The data:
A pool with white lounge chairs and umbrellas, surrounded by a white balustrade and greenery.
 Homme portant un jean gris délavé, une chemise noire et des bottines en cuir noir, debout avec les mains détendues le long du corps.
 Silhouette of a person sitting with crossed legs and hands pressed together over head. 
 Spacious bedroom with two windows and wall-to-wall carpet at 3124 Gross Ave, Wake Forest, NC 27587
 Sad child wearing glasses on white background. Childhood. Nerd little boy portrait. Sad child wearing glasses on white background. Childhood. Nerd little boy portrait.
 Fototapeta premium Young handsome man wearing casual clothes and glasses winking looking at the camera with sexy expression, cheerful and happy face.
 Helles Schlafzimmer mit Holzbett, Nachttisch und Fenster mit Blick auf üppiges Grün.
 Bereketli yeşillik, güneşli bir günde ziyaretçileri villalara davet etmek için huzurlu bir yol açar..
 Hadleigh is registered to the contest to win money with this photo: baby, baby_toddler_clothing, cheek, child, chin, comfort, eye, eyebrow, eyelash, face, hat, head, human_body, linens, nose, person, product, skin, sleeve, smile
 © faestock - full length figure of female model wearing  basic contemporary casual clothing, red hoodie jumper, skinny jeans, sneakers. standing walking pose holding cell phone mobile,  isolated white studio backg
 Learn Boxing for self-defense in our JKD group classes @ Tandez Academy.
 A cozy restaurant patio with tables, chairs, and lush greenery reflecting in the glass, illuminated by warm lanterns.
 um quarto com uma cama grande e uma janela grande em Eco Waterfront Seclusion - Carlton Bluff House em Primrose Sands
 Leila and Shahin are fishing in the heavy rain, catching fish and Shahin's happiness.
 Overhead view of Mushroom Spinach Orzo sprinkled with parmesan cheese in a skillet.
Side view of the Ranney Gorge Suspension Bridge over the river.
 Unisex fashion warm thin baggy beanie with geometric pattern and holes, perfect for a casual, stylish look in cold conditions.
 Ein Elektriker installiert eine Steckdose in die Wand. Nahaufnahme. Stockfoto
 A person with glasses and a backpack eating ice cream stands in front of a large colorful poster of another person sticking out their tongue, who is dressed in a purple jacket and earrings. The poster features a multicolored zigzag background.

Problem:
Please copy nothing but the lines from the one that holds "Side view of" through the last line of the material above, exactly as written.

Solution for this problem:
Side view of the Ranney Gorge Suspension Bridge over the river.
 Unisex fashion warm thin baggy beanie with geometric pattern and holes, perfect for a casual, stylish look in cold conditions.
 Ein Elektriker installiert eine Steckdose in die Wand. Nahaufnahme. Stockfoto
 A person with glasses and a backpack eating ice cream stands in front of a large colorful poster of another person sticking out their tongue, who is dressed in a purple jacket and earrings. The poster features a multicolored zigzag background.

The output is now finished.